Poets, philosophers, and scientists have all failed to develop a theory of love which explains adequately this infinitely varied and complex emotional experience. Nevertheless, love is too important to escape continued probing of the scientific method.


More often than not today there are variations on this theme of love and marriage. The romantic part of the scenario hasn't changed. Boy and girl still meet, date, and fall in love. But young people have options today that their parents generally did not have. For one thing, when the time comes, they can move into an apartment with a mate without getting married. While many parents still disapprove of such behavior, there are others who hardly take notice of the unmarried couple who live in what used to be called sin.

Another option is that the husband may stay home and do the chores while the wife works fun time, not merely part time in a department store to make a few extra dollars for Christmas or to help the budget, but in a career that is every bit as much her right to pursue as it is her husband's. There may not even be any children, ever, in the picture anymore. More and more couples are postponing having a family until they feel the time is right. Some have made up their minds that children won't fit into their plans at all. Finally, for those who cannot live happily ever after, there's divorce, with or without remarriage. Divorce has long been an option, of course, but it is more frequent and acceptable nowadays.

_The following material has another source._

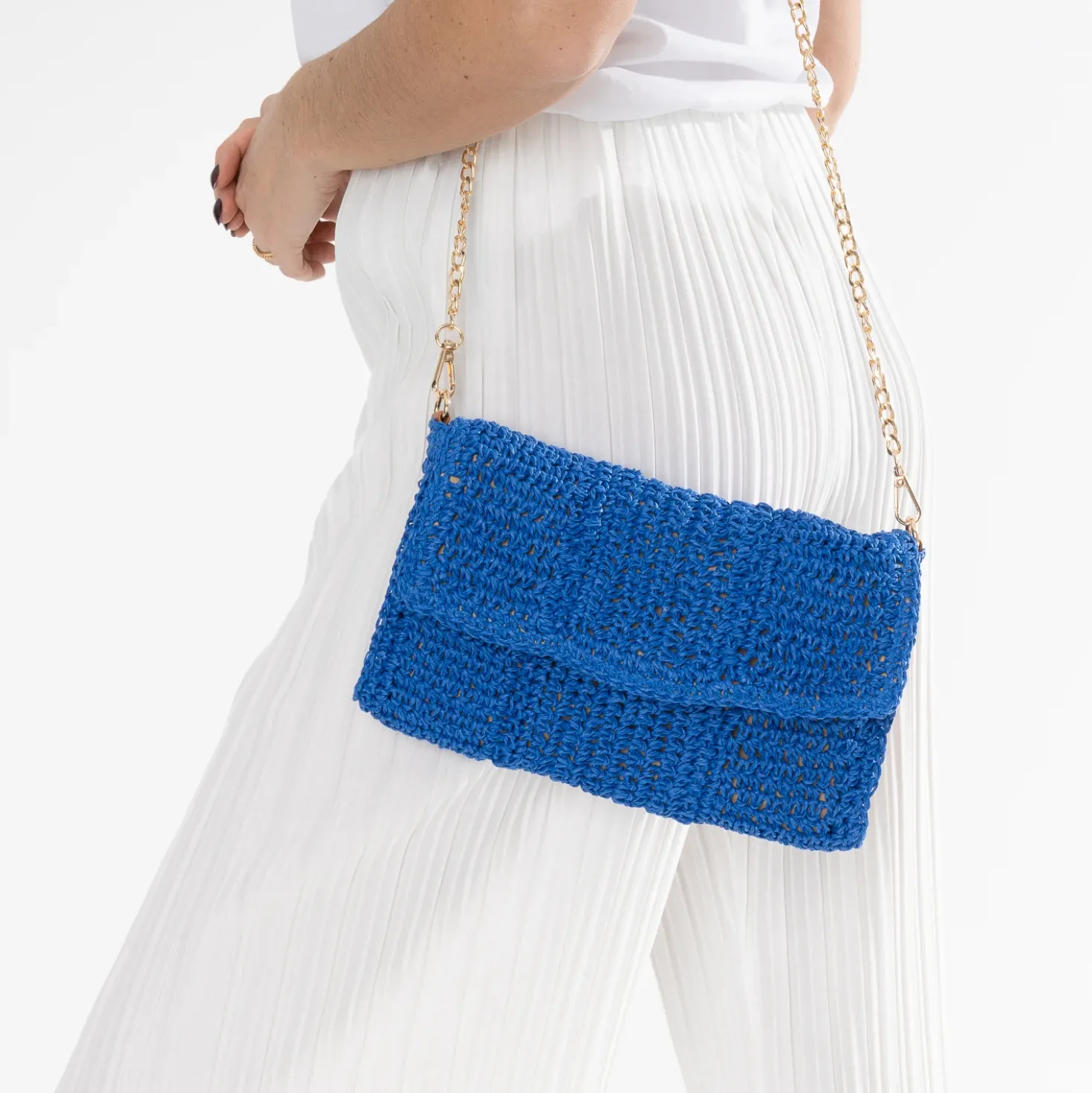 Pochette souple bleue en paille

More than one-half of all teenage marriages have, in fact, ended in divorce.

Even if relatively few of you are planning to get married immediately, you have probably discussed the possibility -even if you've vowed that you will never do such a thing. Most teenagers will marry one day, however, and most will have what is known as a traditional wedding -- complete with minister or rabbi or priest, best man and maid of honor, wedding cake and veil and wine and reception and honeymoon. It's important to take a closer look at this serious relationship that is the cornerstone of the family, this social institution that unites one man and one woman to the exclusion of others, and at some of today's marriage options.

Marriages aren't always the natural result of falling in love. People marry for other reasons, even in the United States, where romance generally precedes a wedding. A family might arrange a marriage for business or financial reasons, a king might marry a queen from another country to form a political unit and to solidify power, a young woman from a foreign country might take an American husband to avoid deportation.

An old Czech expression leaves little doubt about the weak role Cupid sometimes plays: "Choose your wife not at a dance, but in a harvest field." Some people, because of their own or their culture's taboos about engaging in premarital sexual intercourse, marry so that they may be free to enjoy sex. Others who believe in "doing the right thing" marry because the young woman in the relationship has become pregnant; marriage in a case like this is a way of averting social disgrace.